- Born: September 14, 1907 New York City, U.S.
- Died: April 20, 1944 (aged 36) New York City, U.S.
- Occupation: Actress
- Spouse: James A. Murray
- Children: 1

= Betty Morrissey =

American film actress

Betty Morrissey (September 14, 1907 - April 20, 1944) was an American film actress. She appeared in 12 films between 1923 and 1931. She was born and died in New York City.

Morrissey's mother was Anna Morrissey. She was educated in Brooklyn's public schools before she moved to Hollywood in the early 1920s.

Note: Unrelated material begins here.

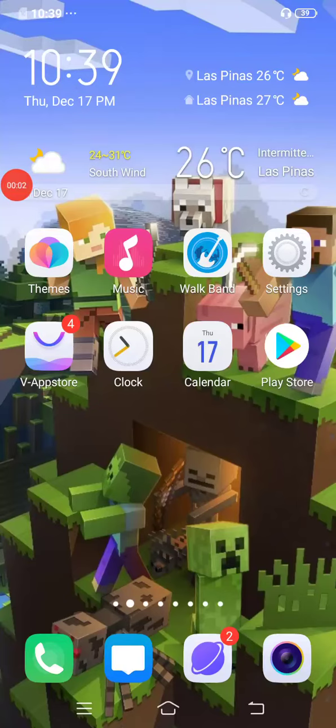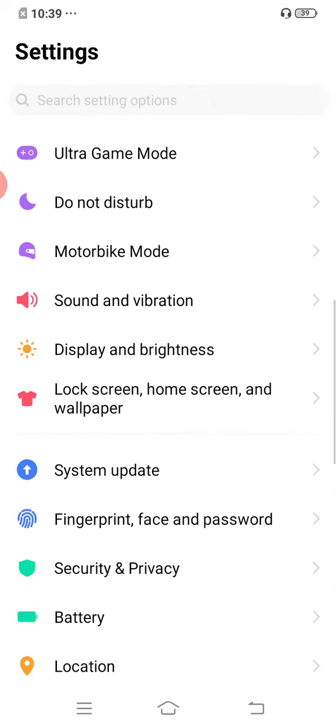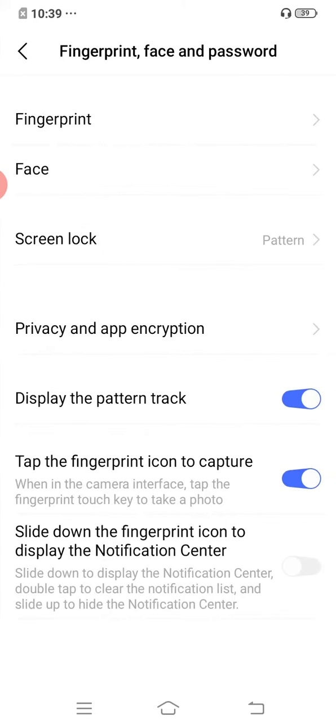Hi guys, welcome back to my channel. I'll show you how to register a face. First, you need to go to Settings and click Fingerprint, Face and Password, and you need to press Face.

Morrissey was discovered by Erich von Stroheim and appeared in some of his films. She plays the feminine lead in The Leather Pusher series which stars Reginald Denny. She also appeared with Denny in 1925's Skinner's Dress Suit in which she did a Charleston-style dance. She had roles in The Gold Rush starring Charlie Chaplin as well as A Woman of Paris.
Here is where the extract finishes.